Example calculation methods include Monte Carlo analyses, Bayesian methods (some of which also use Monte Carlo simulations), and uncertainty bounding analyses (Warren-Hicks and Hart, 2010; NRC, 2013; NASEM, 2016a). At the time the committee was writing its report, probabilistic approaches were rarely implemented in ecological risk assessments for chemical pesticides (NRC, 2013). On the basis of the committee’s limited survey of existing risk assessments, environmental assessments, and environmental impact statements for biotechnology products, probabilistic analyses have seldom been undertaken. The committee believes that the risk analyses customarily conducted in environmental assessments and environmental impact statements required by NEPA may be inadequate to characterize the risks of certain future products of biotechnology. The committee found no statutory restriction that precludes the regulatory agencies from conducting quantitative risk assessments.
The further need for quantitative approaches for human health and environmental safety involves questions of multiple exposures, complex mixtures, and vulnerable populations, which represent broad stakeholder concerns often considered to be inadequately captured in risk analyses. A recognized need in quantitative risk assessment is improved cumulative risk assessments combining risks of aggregate exposure to mixtures that include all routes, pathways, and sources (NRC, 2009). Revision and extension of existing approaches to cumulative risk assessment will be needed to fully analyze future products of biotechnology.
Even under conditions of unfamiliarity and complexity, probabilistic risk assessments can be used to identify where information is missing. Several researchers from the Commonwealth Scientific and Industrial Research Organisation in Australia have used a combination of stakeholder, expert, and public input; Bayesian elicitation; and fault-tree analysis to develop and quantify (with uncertainty) risks from genetically engineered fish (Hayes et al., 2014) and genetically engineered insect pests (Murphy et al., 2010; Murray et al., 2016). These serve as models for both probabilistic risk analysis and public engagement in an analytical–deliberative process (NRC, 1996).

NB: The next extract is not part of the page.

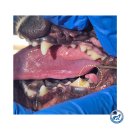 마루치과병원 | 안양 강아지 치과, 강아지 스케일링과 치은종 제거 수술 후기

The quantitative risk analyses discussed above support the means to refine risk analyses by incorporating new data through iterative assessments and enable risk assessors, risk managers, and stakeholders to refine risk-management options as needed to meet the regulatory standard for a safety finding (NRC, 2013). An established probabilistic risk-assessment framework for a given product for a suite of use-pattern scenarios (such as those proposed in Chapter 4) also can facilitate timely updates to risk estimates based on new information and help form hypotheses for causes of unexpected risks that may emerge.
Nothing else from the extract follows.